Print all of the data below exactly as it appears, leaving out every image.

▶ **Data extract**:
········

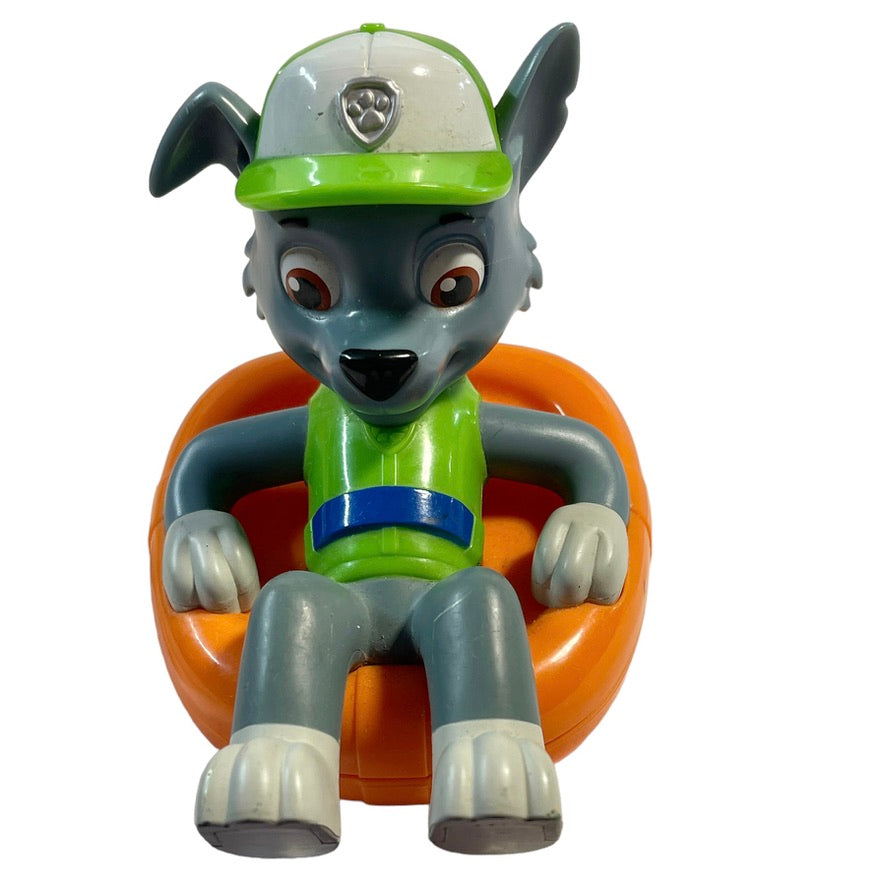 Paw Patrol Rocky Bath Paddlin' Pup in Orange Dinghy, Green Outboard Motor, Good Preowned Condition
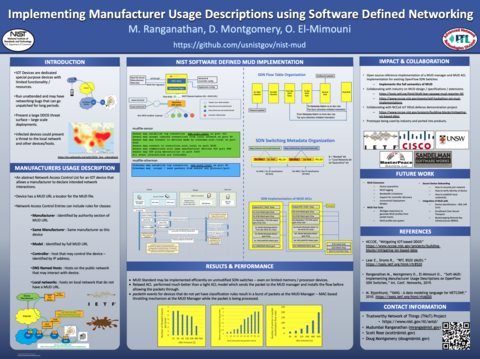 Poster depicting NIST's work in SDN and IoT security.
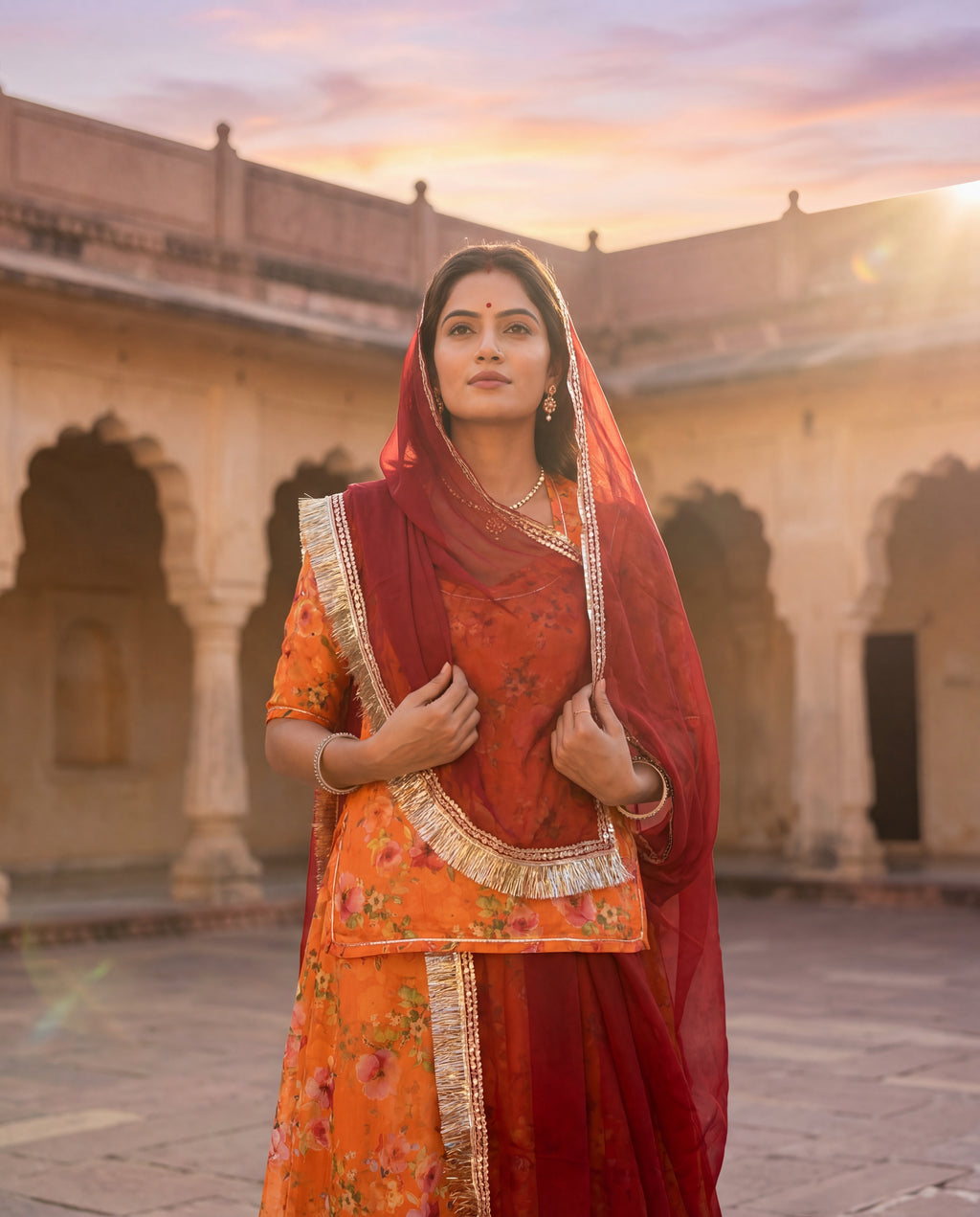 'Kesariya' - Vibrant Orange Floral Print Rajputi Suit Set + Deep Maroon Odhani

········

▶ **Answer section**:
 Paw Patrol Rocky Bath Paddlin' Pup in Orange Dinghy, Green Outboard Motor, Good Preowned Condition
 Poster depicting NIST's work in SDN and IoT security.
 'Kesariya' - Vibrant Orange Floral Print Rajputi Suit Set + Deep Maroon Odhani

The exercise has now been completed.